In this paper, the authors show that a language model’s ability to answer fact-based questions is dependent on the related number of documents it pre-trained on. The general observation is that lesser the number of relevant (to the QA pair) documents the model pre-trained on, worse is its QA performance for that particular pair.
Motivating Questions
- Many concepts or much knowledge appears rarely on the Internet (primary source for LLM training), are language models able to learn this knowledge well? How is the LLM’s ability to answer the question affected by the number of related documents seen during the pre-training?
- If there is a correlation between the number of relevant documents and the QA performance, does it also mean causation?
- How can such long-tail knowledge be better captured? How does model scaling and retrieval-augmentation affect performance on long-tail knowledge?
- What kind of knowledge language models capture do they learn “easy” facts that appear more frequently in the pre-training data?
How?
Question
How do they find the relevant documents and count them?
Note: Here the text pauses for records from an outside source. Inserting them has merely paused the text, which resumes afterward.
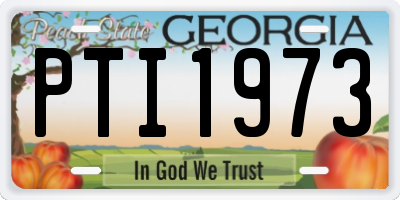 GA license plate PTI1973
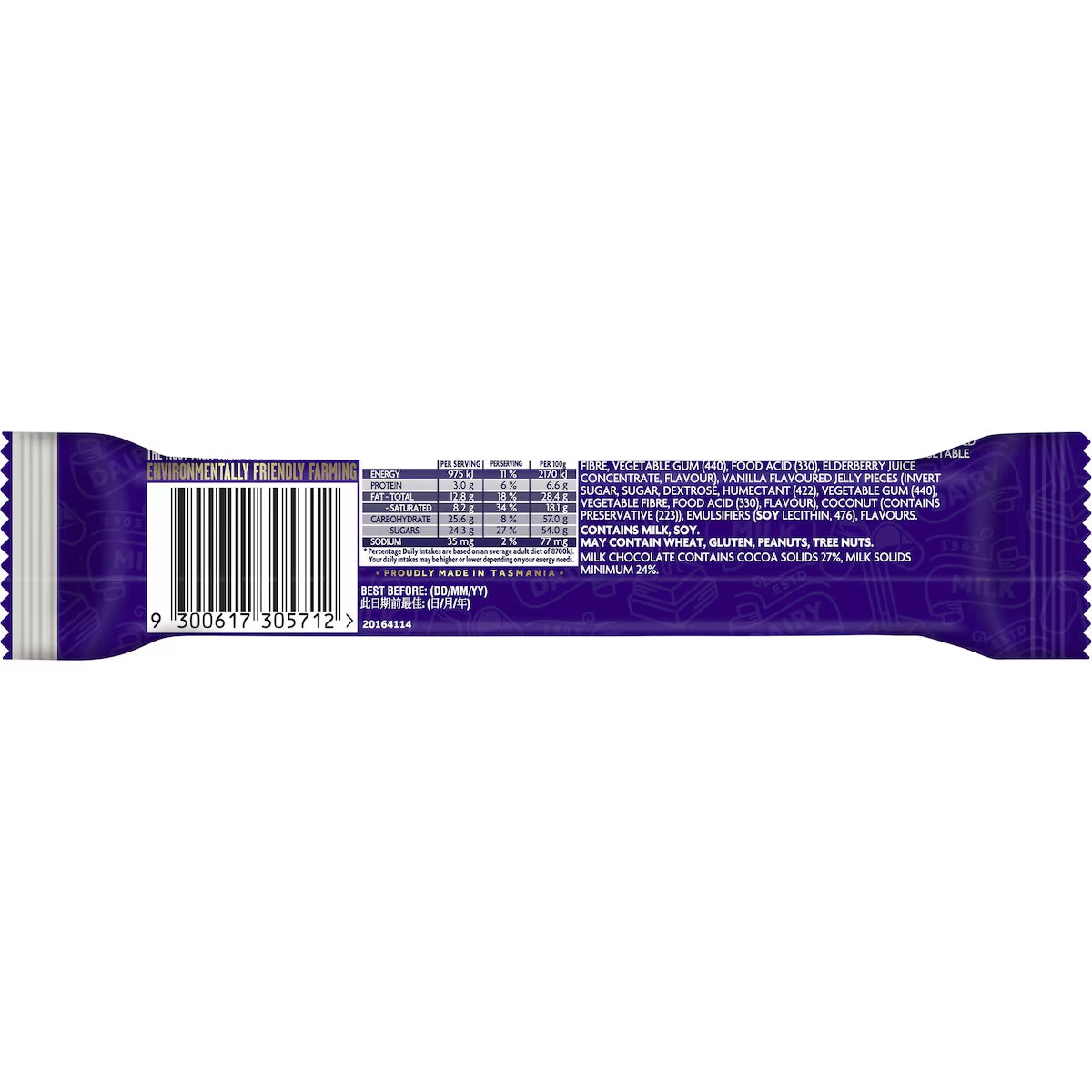 Cadbury Dairy Milk Lamington Slices Chocolate Bar 45g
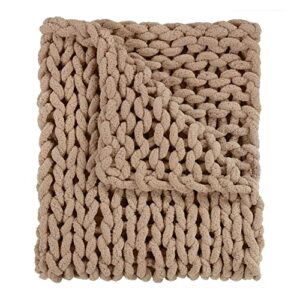 donna sharp throw blanket – chenille knitted mink contemporary decorative throw blanket with over-sized loop pattern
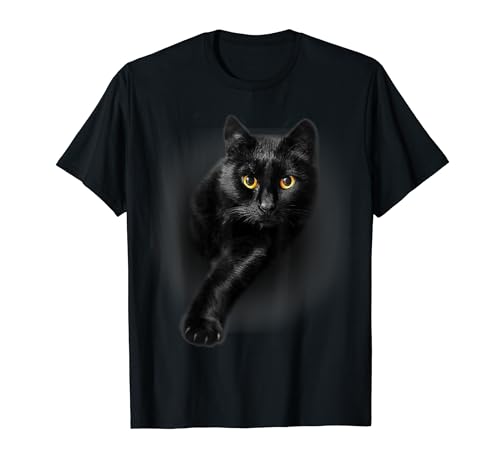 Black Cat Yellow Eyes T-Shirt Cats Tee Shirt Gifts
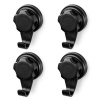 COMPACTOR Bestlock Black Háčiky do kúpeľne, s prísavkami, bez vŕtania, nosnosť až 6 kg, 4 ks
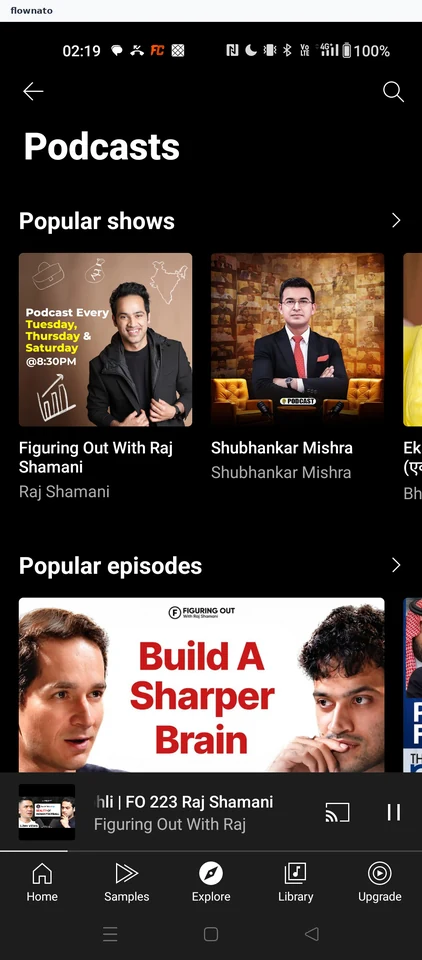 YouTube Music: Podcasts hub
Entity linking the pre-training datasets and the counting documents with the same entities as the QA pair. DBpedia Spotlight Entity Linker is run at massively distributed scale and the entities are linked to DBpedia or Wikidata IDs using traditional entity linking methods. This lets us store the document indices for each entity.
Next, the QA pair is entity linked and the entities from both the question and ground-truth answer is extracted. Once this is done, count the number of documents from the earlier pre-trained dataset entity linking for the extracted QA entities where both the question entity and the answer entity co-occur.
References
[1] Kandpal, Nikhil, et al. “Large language models struggle to learn long-tail knowledge.” International Conference on Machine Learning. PMLR, 2023.